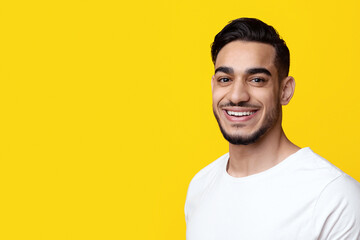 Portrait of cheerful stylish handsome bearded middle eastern young man in white t-shirt posing on yellow studio background, smiling at camera, panorama with copy space. Millennials lifestyle concept
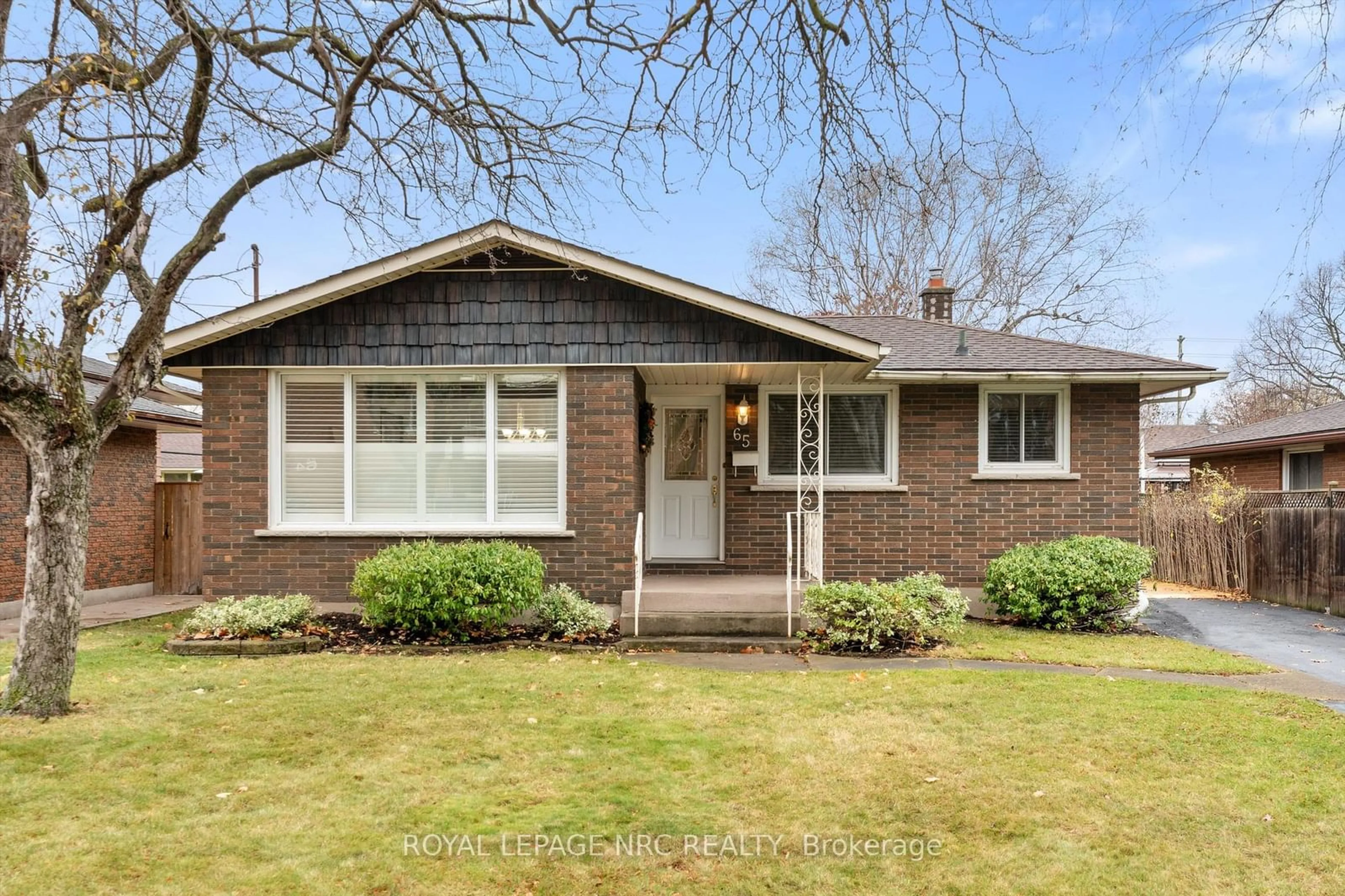 Home with brick exterior material for 65 Windward St, St. Catharines Ontario L2M 4B9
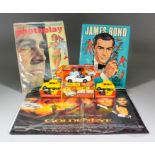 A collection of James Bond related items, including - a Corgi Toyota 2000GT No.336, in repro box,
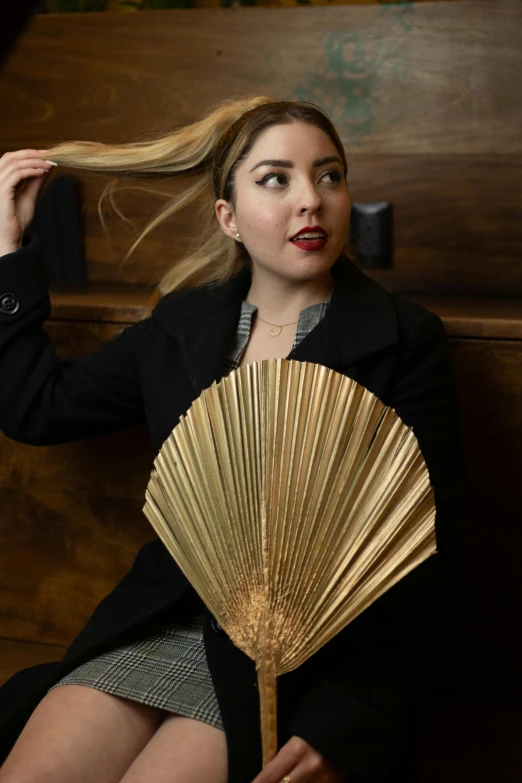 a woman in shorts and a jacket holds a golden fan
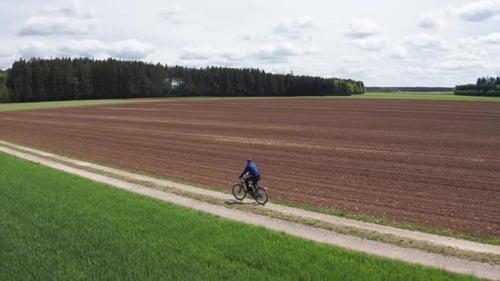 Aerial wide shot of a man riding a bike on a small dirt road. Fields in the foreground, forest in th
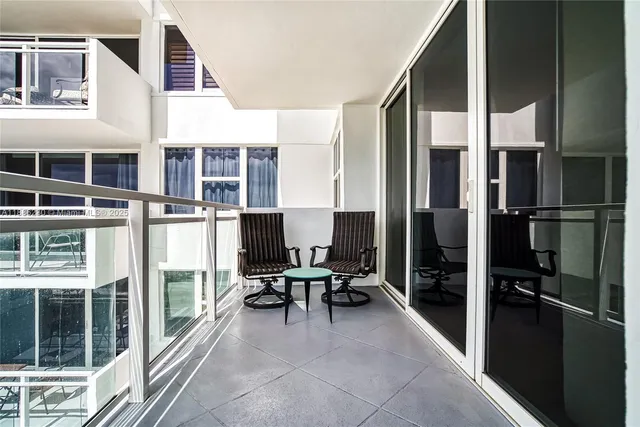 a view of a building with an ocean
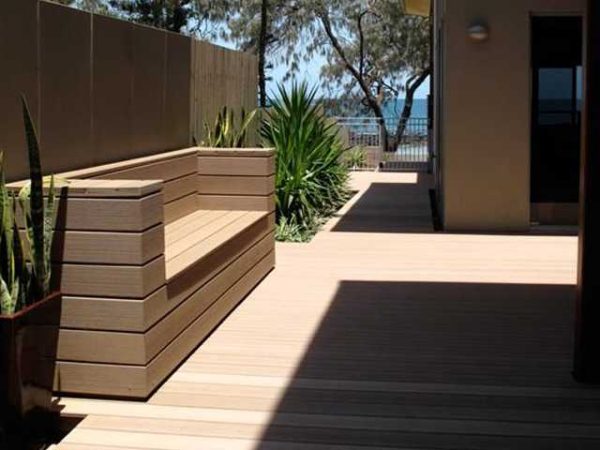 Low maintenance composite deck featuring built-in beach seat and raised garden beds. Low Maintenance Composite Deck with Custom Bench Seating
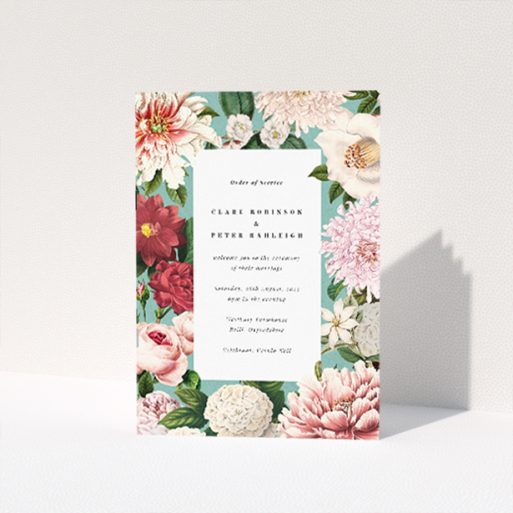 "Blue Blossom wedding order of service booklet featuring richly detailed botanical illustrations in shades of pink, red, and white against a serene blue backdrop, ideal for couples seeking floral splendour for their wedding ceremony.". This is a view of the front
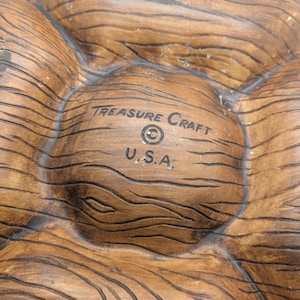 May include: A brown, wooden-textured serving dish with multiple compartments. The dish is marked with the text "TREASURE CRAFT" and "U.S.A.". The dish has a rustic, natural appearance, suitable for serving snacks or appetizers.
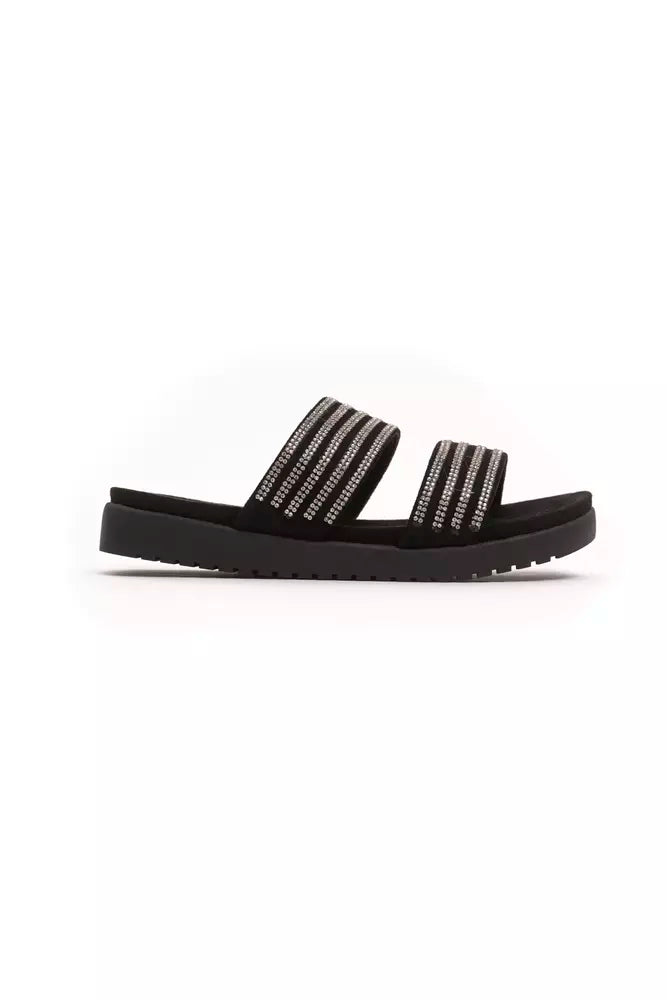 Black textile slide sandal with two wide straps adorned with rows of shimmering silver rhinestones and a lug sole.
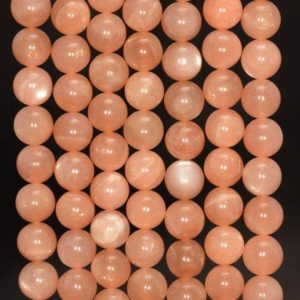 Shop Sunstone Beads! 8mm Orange Sunstone Gemstone Grade AA Round 8mm Loose Beads 15.5 inch Full Strand (90188694-91) | Natural genuine beads Sunstone beads for beading and jewelry making.  #jewelry #beads #beadedjewelry #diyjewelry #jewelrymaking #beadstore #beading #affiliate #ad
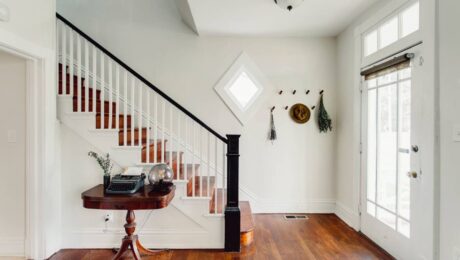 A charming entryway of a residential home with hardwood smart flooring and white walls at Preferred Flooring near Breese, IL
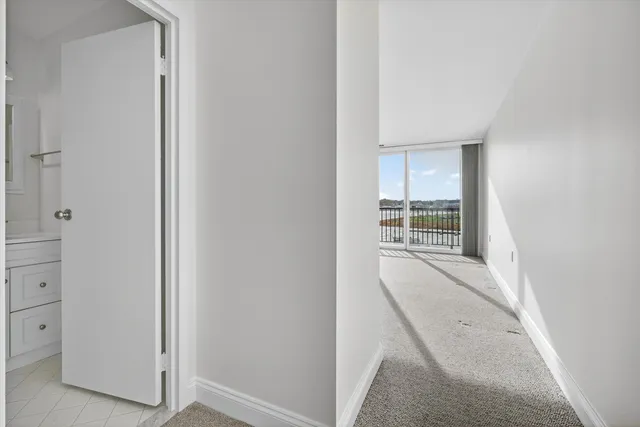 an entryway with wooden floor and cabinet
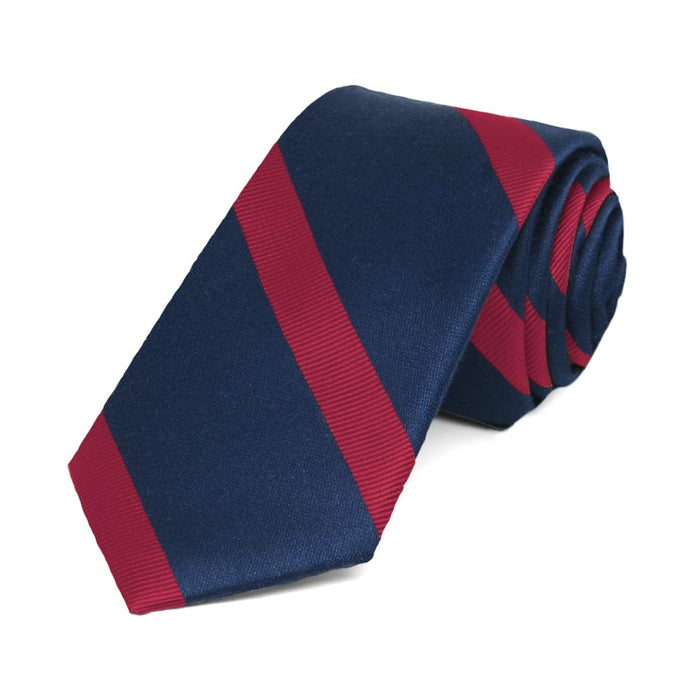 Navy blue and red striped skinny tie, rolled to show the texture of the stripes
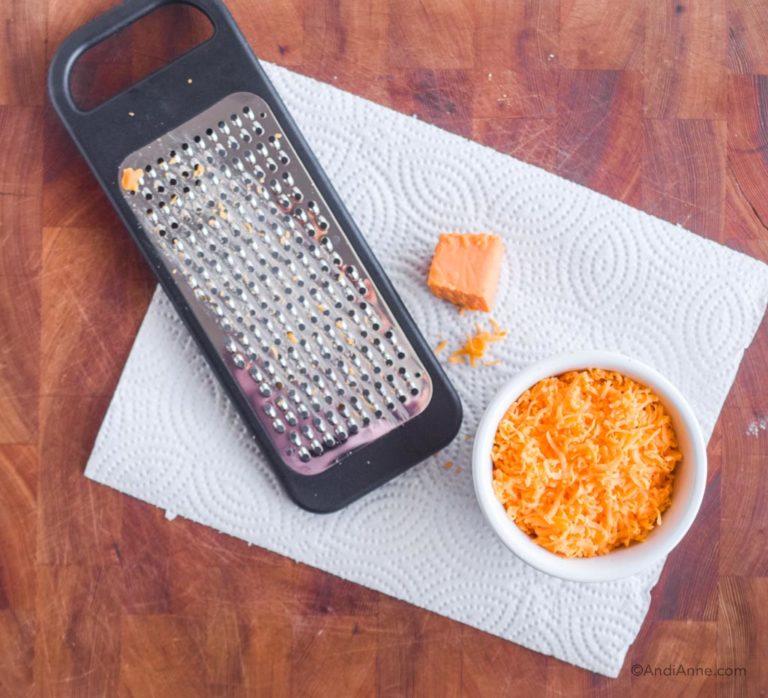 cheese grater, paper towel and bowl with shredded cheese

→ **Your assignment**: Leave the pictures out and output all of the data verbatim.

→ **Written response**:
 Portrait of cheerful stylish handsome bearded middle eastern young man in white t-shirt posing on yellow studio background, smiling at camera, panorama with copy space. Millennials lifestyle concept
 Home with brick exterior material for 65 Windward St, St. Catharines Ontario L2M 4B9
 A collection of James Bond related items, including - a Corgi Toyota 2000GT No.336, in repro box,
 a woman in shorts and a jacket holds a golden fan
 Aerial wide shot of a man riding a bike on a small dirt road. Fields in the foreground, forest in th
 a view of a building with an ocean
 Low maintenance composite deck featuring built-in beach seat and raised garden beds. Low Maintenance Composite Deck with Custom Bench Seating
 "Blue Blossom wedding order of service booklet featuring richly detailed botanical illustrations in shades of pink, red, and white against a serene blue backdrop, ideal for couples seeking floral splendour for their wedding ceremony.". This is a view of the front
 May include: A brown, wooden-textured serving dish with multiple compartments. The dish is marked with the text "TREASURE CRAFT" and "U.S.A.". The dish has a rustic, natural appearance, suitable for serving snacks or appetizers.
 Black textile slide sandal with two wide straps adorned with rows of shimmering silver rhinestones and a lug sole.
 Shop Sunstone Beads! 8mm Orange Sunstone Gemstone Grade AA Round 8mm Loose Beads 15.5 inch Full Strand (90188694-91) | Natural genuine beads Sunstone beads for beading and jewelry making.  #jewelry #beads #beadedjewelry #diyjewelry #jewelrymaking #beadstore #beading #affiliate #ad
 A charming entryway of a residential home with hardwood smart flooring and white walls at Preferred Flooring near Breese, IL
 an entryway with wooden floor and cabinet
 Navy blue and red striped skinny tie, rolled to show the texture of the stripes
 cheese grater, paper towel and bowl with shredded cheese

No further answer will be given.